Booker Prize-winning author Arundhati Roy, an unapologetic critic of the Anna Hazare anticorruption campaign, suggested the 73-year old Gandhian was more of a puppet and less of a leader of the movement he came to symbolize.
Ms. Roy’s has been a rare voice of dissent at a time when Mr. Hazare’s hunger strike was rallying mass support across India, encouraging public figures ranging from opposition politicians to Bollywood stars to jump on the pro-Hazare bandwagon. Now that Mr. Hazare broke his fast after civil society activists and the government agreed on a broad legislative framework to set up an anticorruption ombudsman, or Lokpal, Ms. Roy once again lashed out against Team Anna.
In a Tuesday interview with television channel CNN-IBN, Ms. Roy accused them of having taken advantage of widespread popular anger against corruption to push through a very specific agenda: their own version of the Lokpal Bill, which she described as “regressive.”

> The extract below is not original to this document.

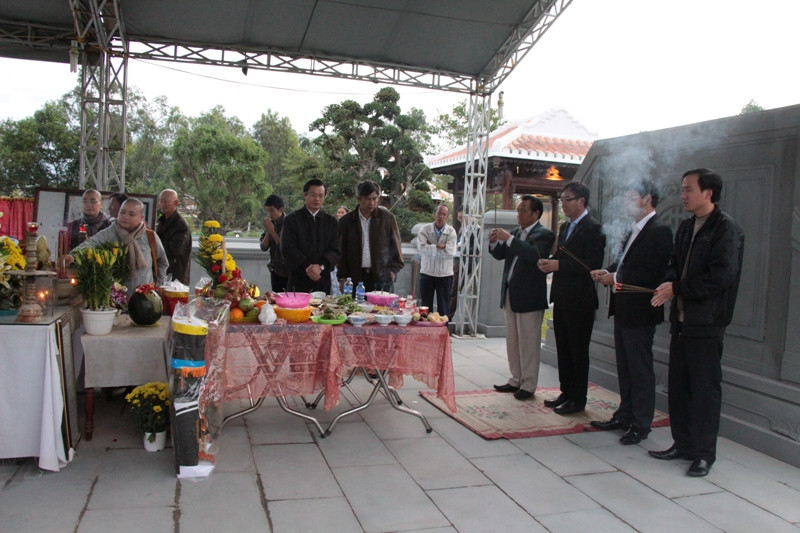 Nhiều người tới viếng mộ ông Nguyễn Bá Thanh từ tinh mơ.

“I think that the anger about corruption became so widespread and generalized” that nobody looked at the “dissonance between the specific legislation and the anger that was bringing people there,” she argued.
In this context, she described Mr. Hazare as little more than a prop of a movement that owed much of its popularity to an obliging media and to its dangerous use of patriotic symbolism.
“Certainly Anna Hazare was picked up and propped up as a sort of saint of the masses, but he wasn’t driving the movement, he wasn’t the brains behind the movement,” she said.